CROSS REFERENCE TO RELATED APPLICATIONS

Reference is made to commonly-assigned, U.S. patent application Ser. No. 12/911,755, now U.S. Pat. No. 8,303,091 entitled “DISPENSING LIQUID USING CURVED VENT DISPENSER”, filed concurrently herewith.

FIELD OF THE INVENTION

This invention relates generally to the field of fluid dispensers and, in particular, to flow through liquid drop dispensers that eject on demand a quantity of liquid from a continuous flow of liquid.

BACKGROUND OF THE INVENTION

Traditionally, inkjet printing is accomplished by one of two technologies referred to as “drop-on-demand” and “continuous” inkjet printing. In both, liquid, such as ink, is fed through channels formed in a print head. Each channel includes a nozzle from which droplets are selectively extruded and deposited upon a recording surface.

Drop-on-demand printing only provides drops (often referred to a “print drops”) for impact upon a print media.

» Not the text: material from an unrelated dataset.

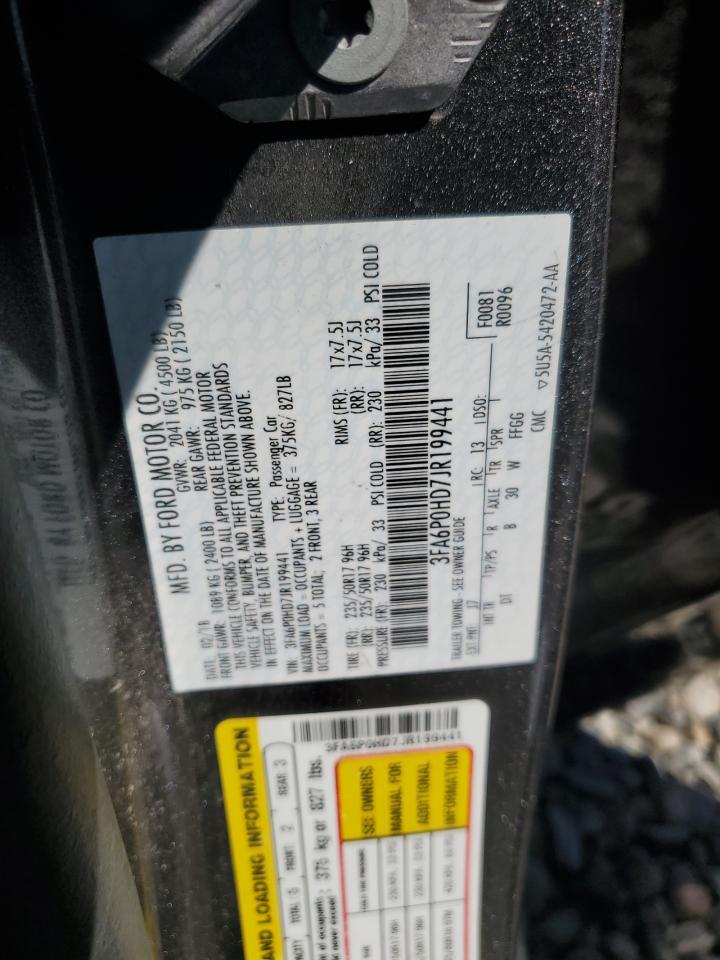 2018 Ford Fusion Se VIN: 3FA6P0HD7JR199441 Lot: 85143735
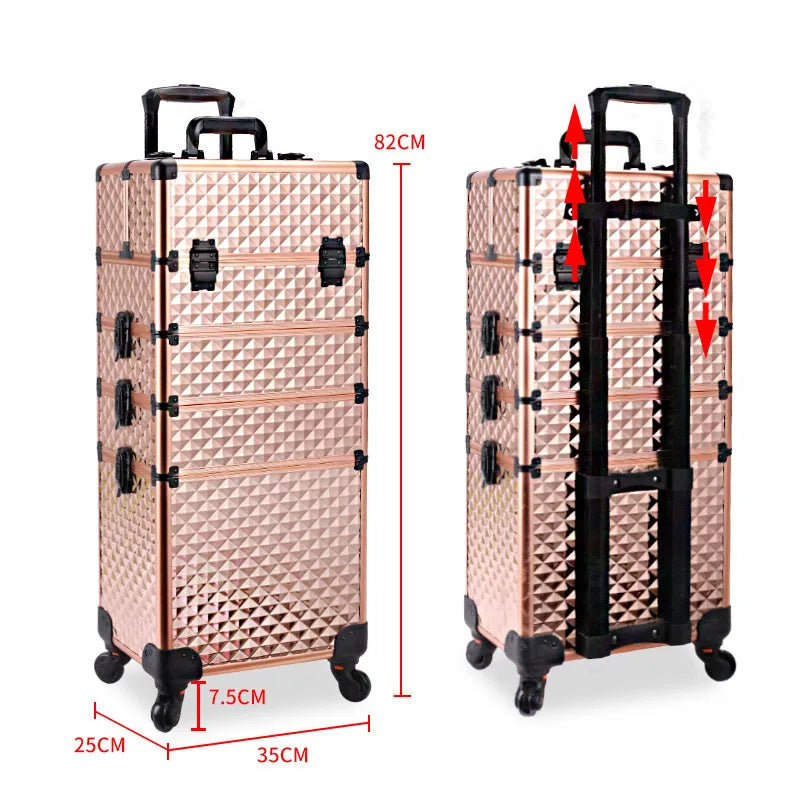 Professional Manicure Suitcases Travel Multilayer Large Capacity Makeup Valises Aluminium Luggage Trolley Tool Box Customized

Selective activation of an actuator causes the formation and ejection of a drop that strikes the print media. The formation of printed images is achieved by controlling the individual formation of drops. Typically, one of two types of actuators is used in drop-on-demand printing—heat actuators and piezoelectric actuators. With heat actuators, a heater, placed at a convenient location adjacent to the nozzle, heats the ink. This causes a quantity of ink to phase change into a gaseous steam bubble that raises the internal ink pressure sufficiently for an ink droplet to be expelled. With piezoelectric actuators, an electric field is applied to a piezoelectric material possessing properties causing a wall of a liquid chamber adjacent to a nozzle to be displaced, thereby producing a pumping action that causes an ink droplet to be expelled.

Continuous inkjet printing uses a pressurized liquid source that produces a stream of drops some of which are selected to contact a print media (often referred to as “print drops”) while other are selected to be collected and either recycled or discarded (often referred to as “non-print drops”). For example, when no print is desired, the drops are deflected into a capturing mechanism (commonly referred to as a catcher, interceptor, or gutter) and either recycled or discarded. When printing is desired, the drops are not deflected and allowed to strike a print media. Alternatively, deflected drops can be allowed to strike the print media, while non-deflected drops are collected in the capturing mechanism.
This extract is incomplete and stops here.